> _Dataset records_:
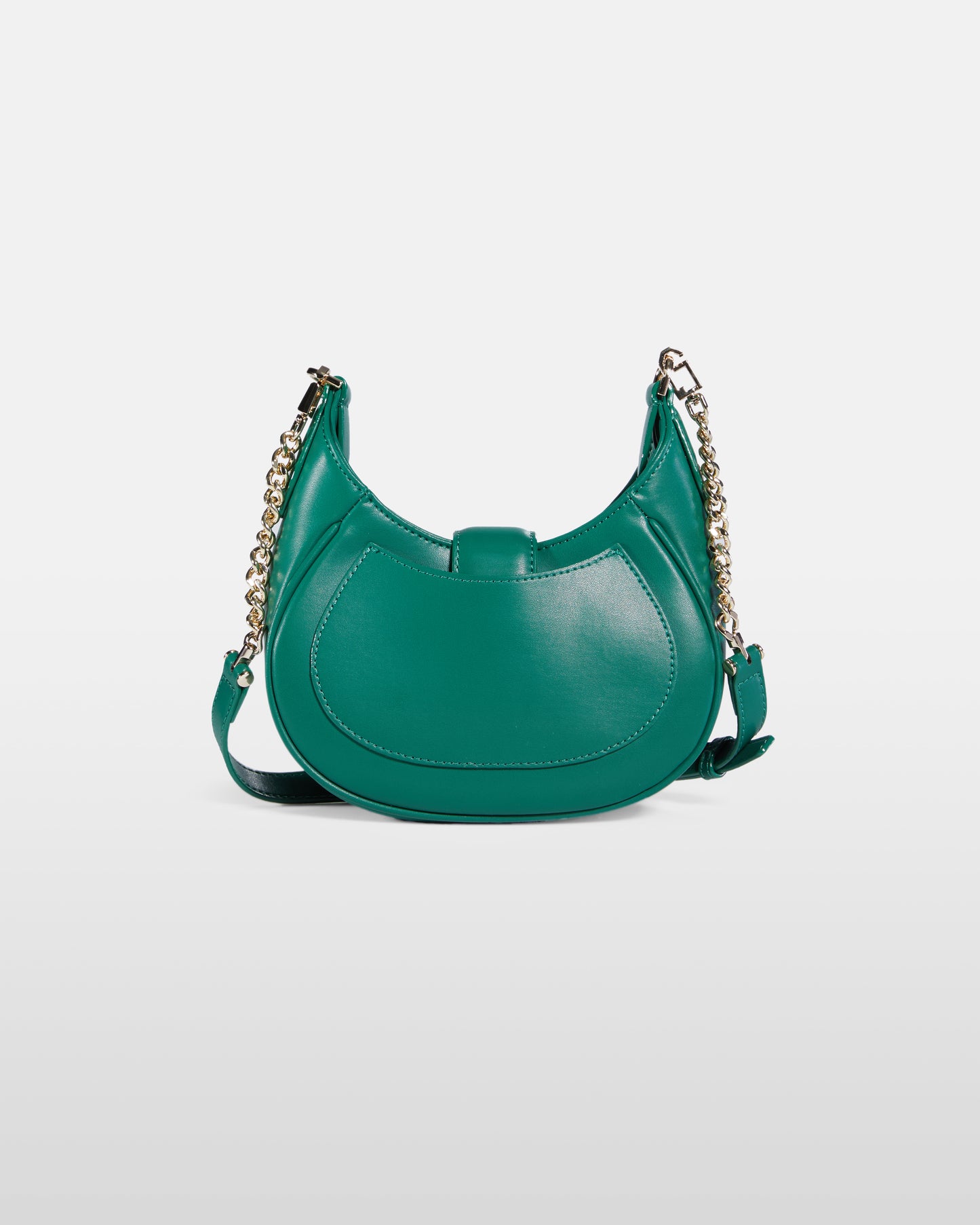 Monogram Smooth Finish Leather Bag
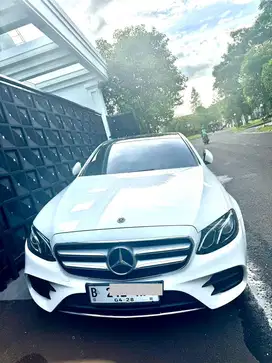 Mercy E300 Thn 2018 Full Original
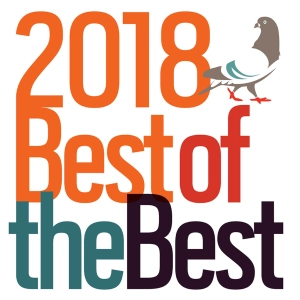 Best of the Best 2018 (Part 2)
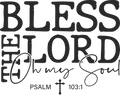 Christian 38 - Bless The Lord Oh My Soul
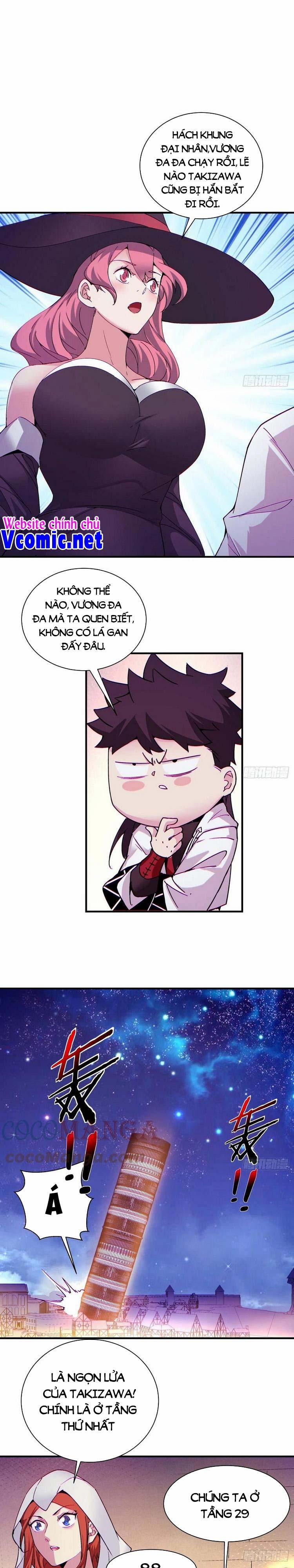 Ta Là Nhà Giàu Số Một, Ta Không Muốn Trọng Sinh 119 trang 0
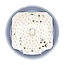 Plafonnière incl. sensor met CCT switch 3000K/4000K/6500K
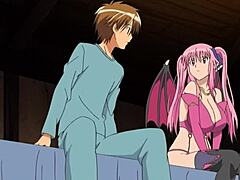 Vampires in intense anime stories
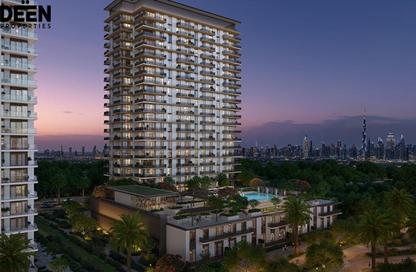 Apartment - 3 Bedrooms - 4 Bathrooms for sale in Greencrest Podium - Greencrest - Dubai Hills Estate - Dubai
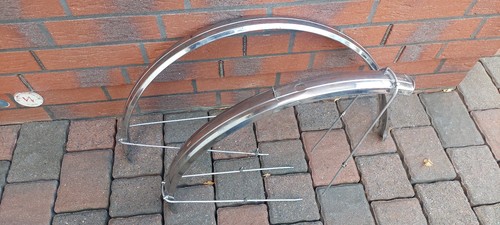 Oldtimer fahrrad schutzblech - oldtimer, fahrrad-schutzblech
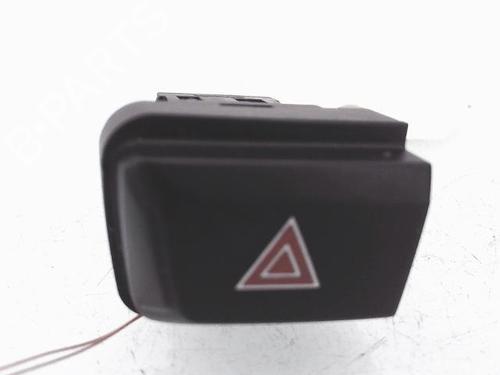Used Warning switch PEUGEOT 208 I (CA_, CC_) 1.4 HDi (68 hp) 25371773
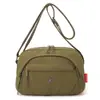 Bolso de Hombro Cruzado Práctico de Gran Capacidad con Múltiples Bolsillos Transfronterizo Ligero Versátil Bolso para Madre Viajera Nuevo Modelo 2026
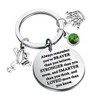 WSNANG Frog Inspired Gift You Are Braver Stronger Smarter Than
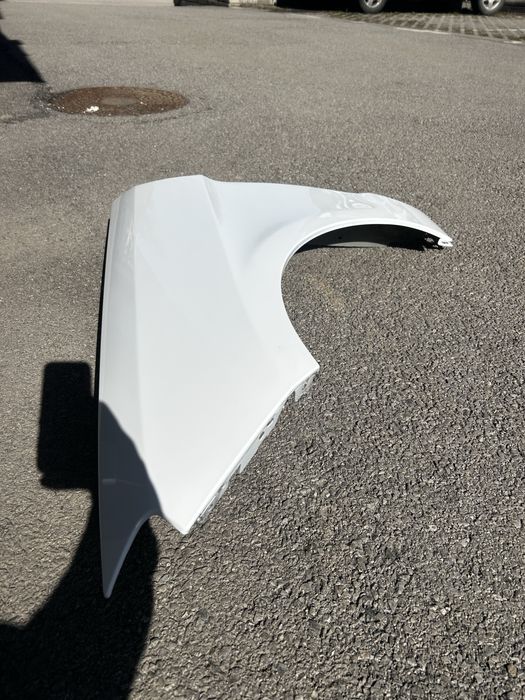 Преден ляв калник Mercedes ML W166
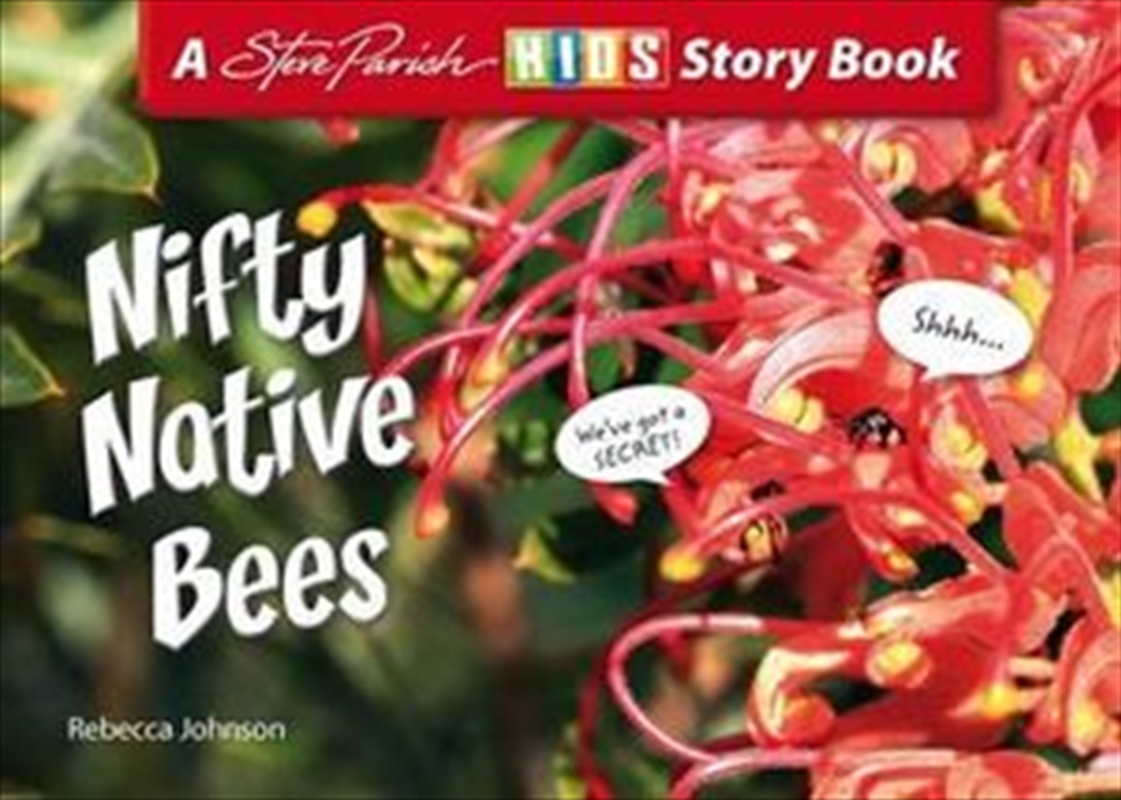 Nifty Native Bees/Product Detail/Children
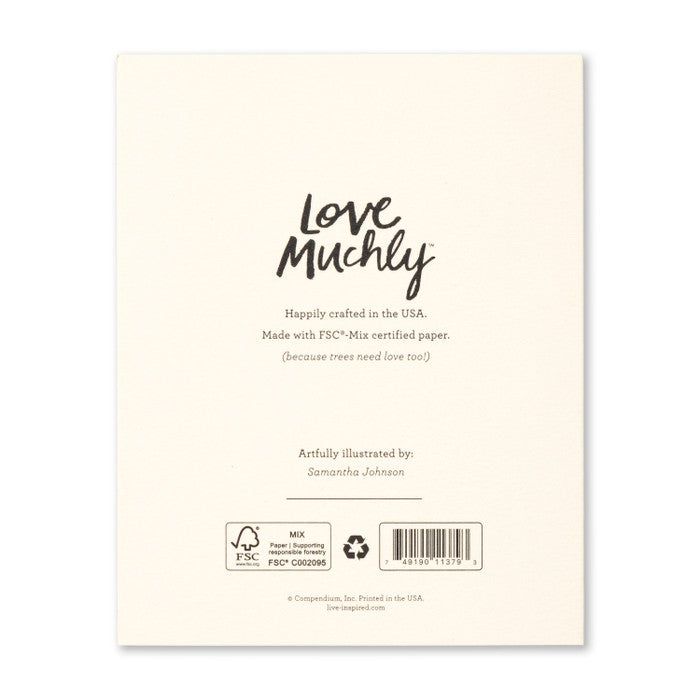 LM Card - The World Just Got A Whole Lot Cuter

> _Work instruction_: The lines to copy run from the one with "Bolso de Hombro" through the end of the material. Write them out exactly, leaving out the pictures.

> _Exercise response_:
 Bolso de Hombro Cruzado Práctico de Gran Capacidad con Múltiples Bolsillos Transfronterizo Ligero Versátil Bolso para Madre Viajera Nuevo Modelo 2026
 WSNANG Frog Inspired Gift You Are Braver Stronger Smarter Than
 Преден ляв калник Mercedes ML W166
 Nifty Native Bees/Product Detail/Children
 LM Card - The World Just Got A Whole Lot Cuter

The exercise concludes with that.